Primary sclerosing cholangitis (PSC) is a progressive liver disease characterized by destruction of the intra- and/or extra-hepatic bile ducts, leading to advanced stages of liver disease such as cirrhosis and hepatobiliary cancer. There is no effective medical therapy for PSC, and the majority of patients will eventually require liver transplantation or even die from liver disease or cancer. Following a primary immunological insult to the bile duct, biliary flow obstruction leads to pressure damage to the biliary epithelium and drives disease progression. To date the medical treatment options are very limited.

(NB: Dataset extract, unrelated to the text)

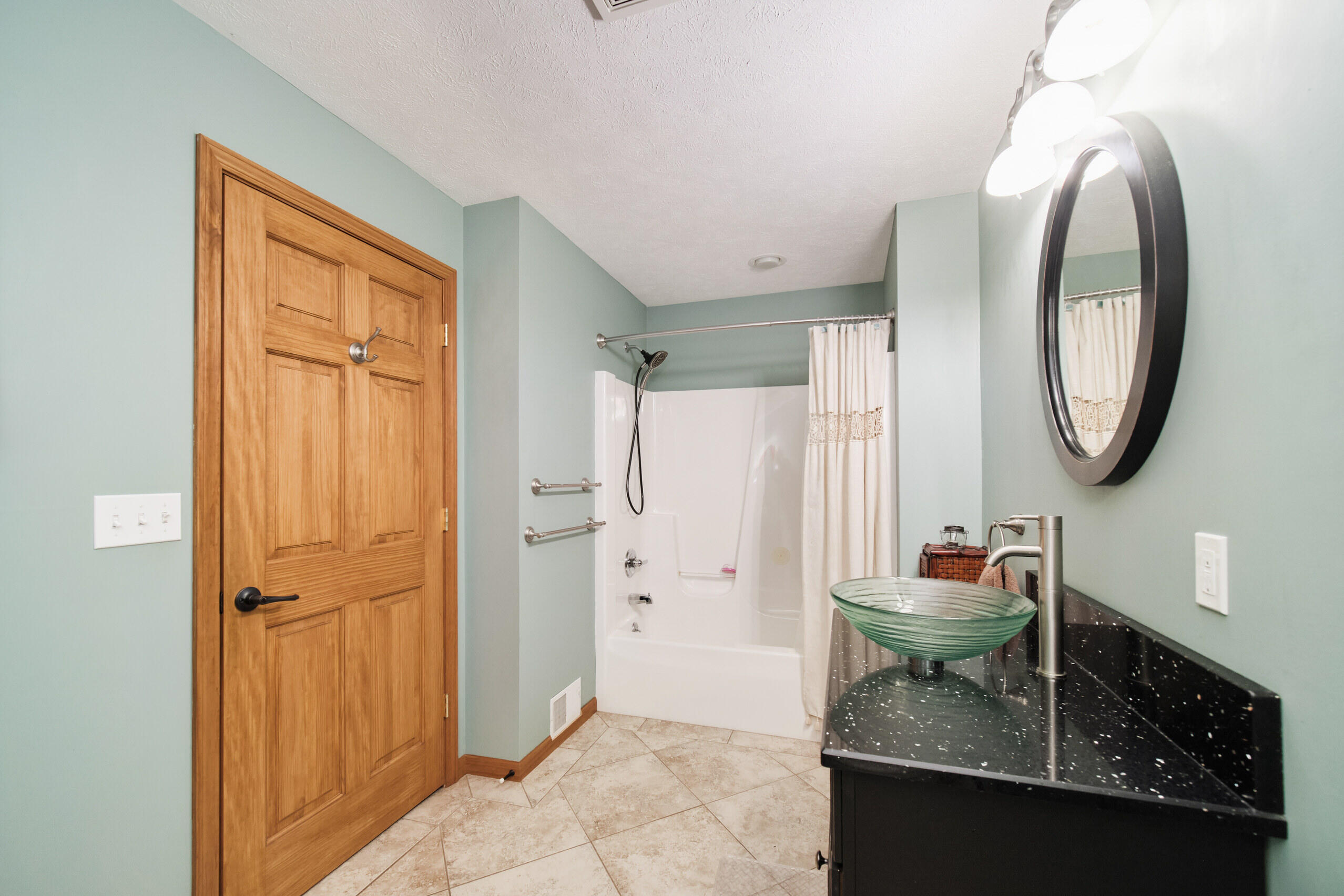 487 4th Street Manistee, MI 49660 - Photo 31 of 73 Bathroom 2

In this project we aim to identify targets for the utterly needed pharmacological intervention to prevent biliary pressure damage and pave the way for personalized pharmacological biliary pressure optimization in affected patients. To this purpose we will use an approach to model the hydrodynamic and signalling consequences of altered biliary flow in murine mouse models of PSC and well characterized long-term followed patients with PSC. Intriguingly, biliary flow dynamics, pressure sensing and the signalling consequences are as yet very poorly understood. Thus, the current consortium unites established liver research with novel mechanosensing and modelling expertise that has never been systematically applied in a PSC context. Specifically, the consortium unites renowned liver research centres from Norway (clinical PSC research) and Austria (experimental PSC research) with fluid dynamics (Israel), high- definition 3D tissue reconstruction, functional genomics (Germany) and mechanosensing (France). The results of this project can be expected to improve our future medical management of PSC as one ot the last remaing black boxes in Hepatology.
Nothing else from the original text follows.